# [Problem to solve]
All of the data below should be set down again verbatim, without any images.

--- Given records ---

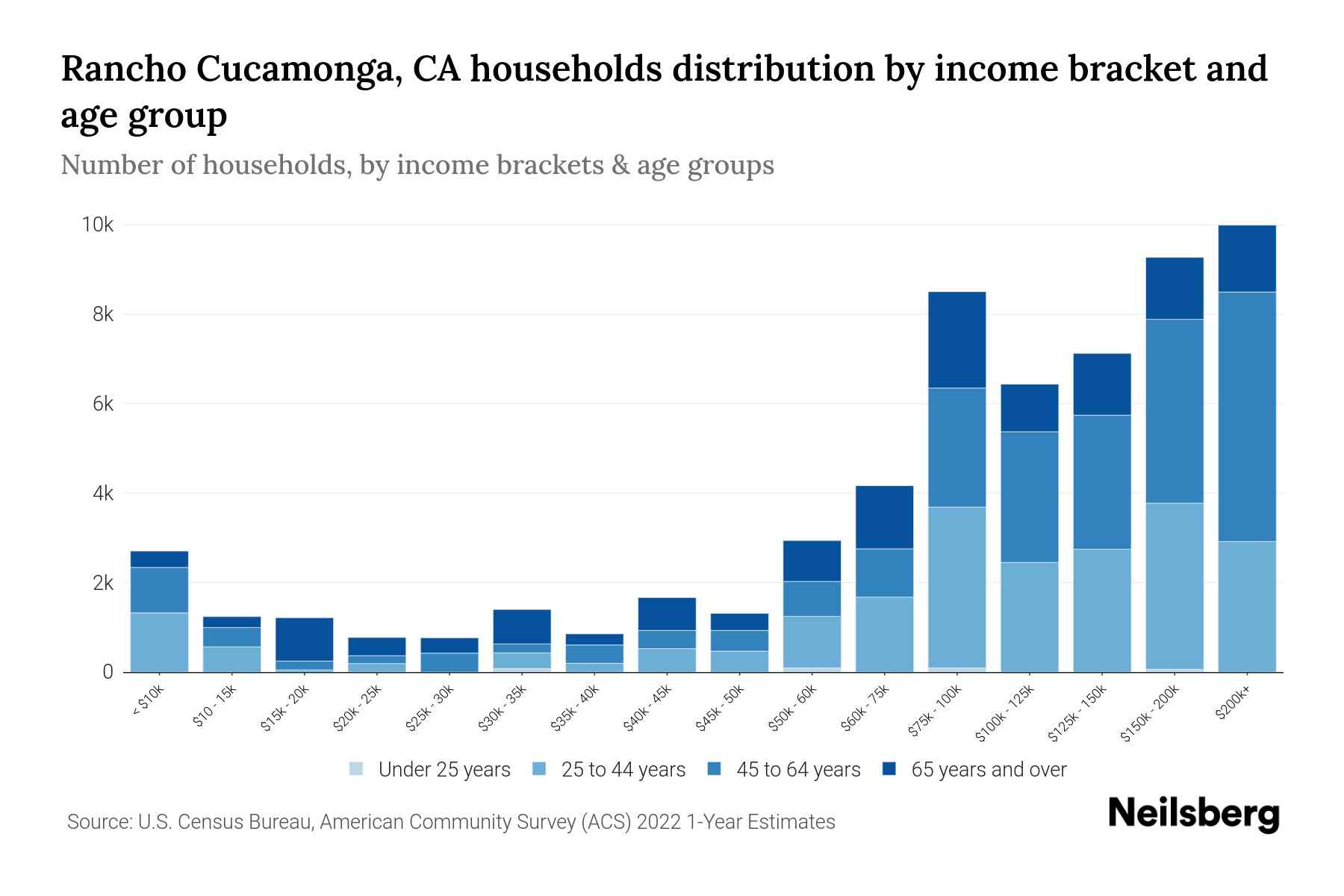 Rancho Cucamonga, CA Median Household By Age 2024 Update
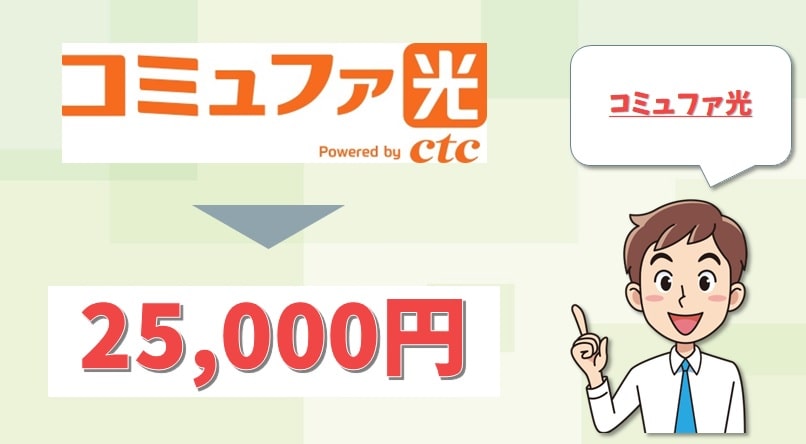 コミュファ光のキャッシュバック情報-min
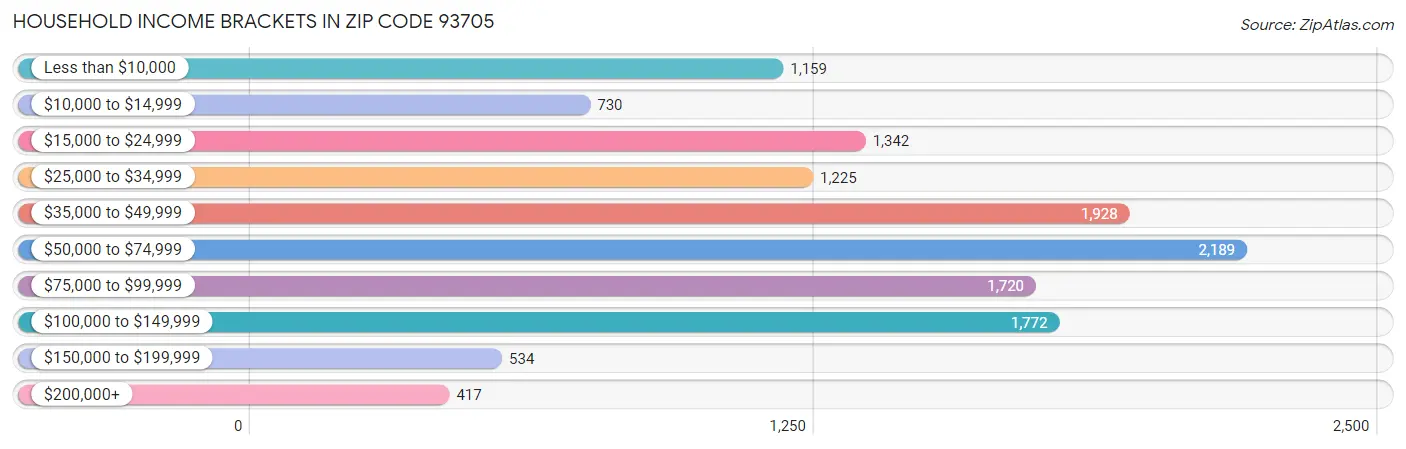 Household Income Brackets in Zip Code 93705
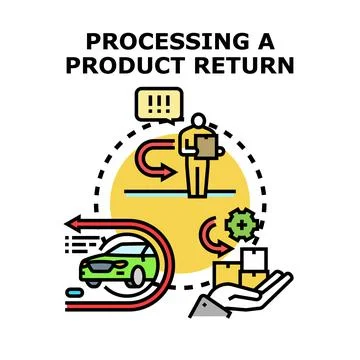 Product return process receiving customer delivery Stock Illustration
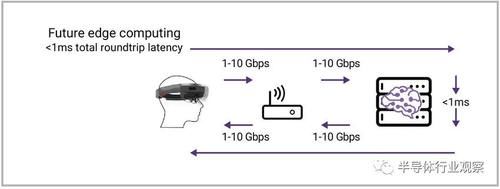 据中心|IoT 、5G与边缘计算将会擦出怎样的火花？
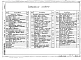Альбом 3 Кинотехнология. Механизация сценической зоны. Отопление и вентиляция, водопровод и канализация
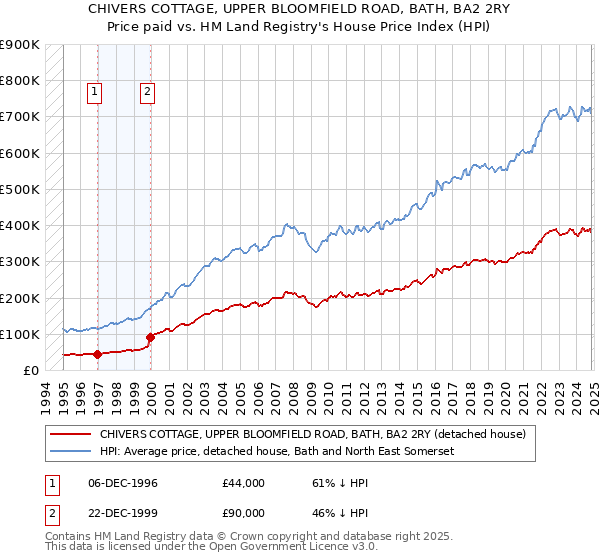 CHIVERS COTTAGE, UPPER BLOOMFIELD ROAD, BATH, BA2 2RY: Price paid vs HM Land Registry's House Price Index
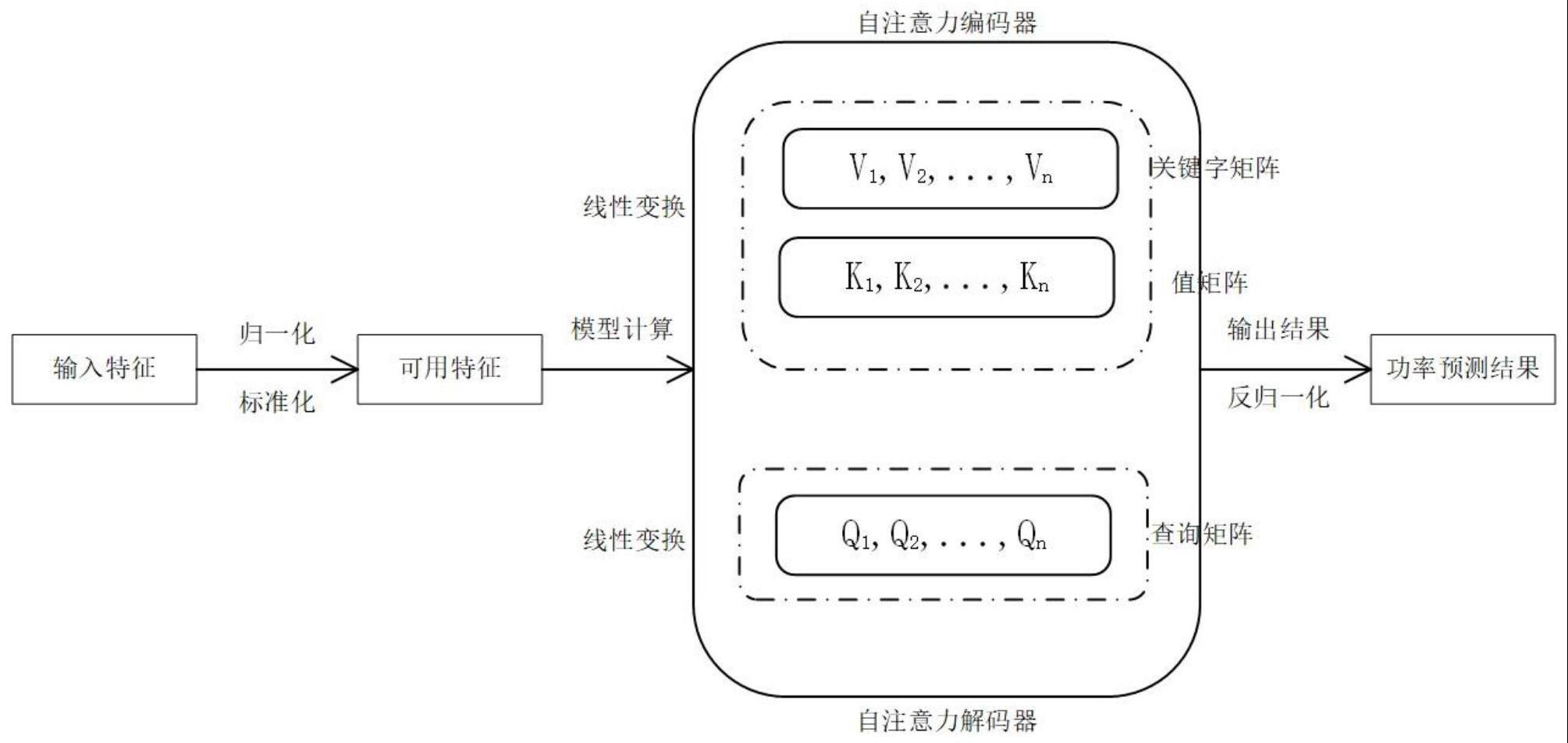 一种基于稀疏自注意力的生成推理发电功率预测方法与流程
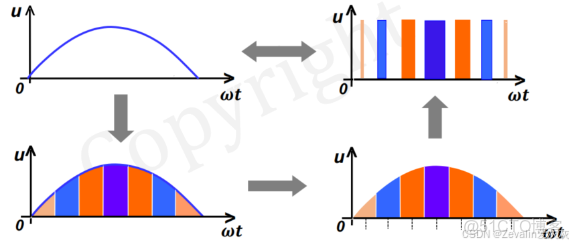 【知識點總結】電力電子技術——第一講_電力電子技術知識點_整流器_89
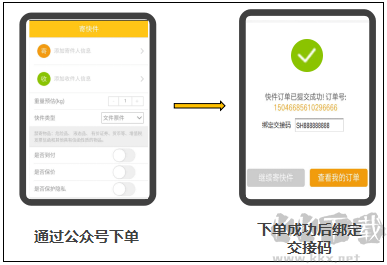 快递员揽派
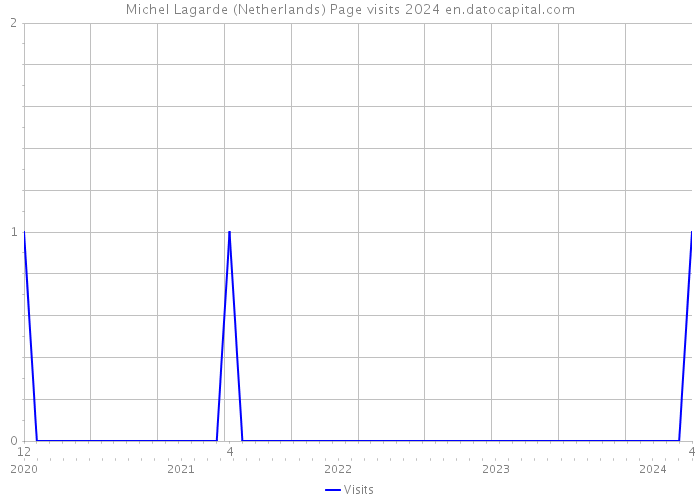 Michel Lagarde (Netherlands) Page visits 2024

---

# [Finished task]
 Rancho Cucamonga, CA Median Household By Age 2024 Update
 コミュファ光のキャッシュバック情報-min
 Household Income Brackets in Zip Code 93705
 Product return process receiving customer delivery Stock Illustration
 据中心|IoT 、5G与边缘计算将会擦出怎样的火花？
Альбом 3 Кинотехнология. Механизация сценической зоны. Отопление и вентиляция, водопровод и канализация
 CHIVERS COTTAGE, UPPER BLOOMFIELD ROAD, BATH, BA2 2RY: Price paid vs HM Land Registry's House Price Index
 一种基于稀疏自注意力的生成推理发电功率预测方法与流程
 【知識點總結】電力電子技術——第一講_電力電子技術知識點_整流器_89
 快递员揽派
 Michel Lagarde (Netherlands) Page visits 2024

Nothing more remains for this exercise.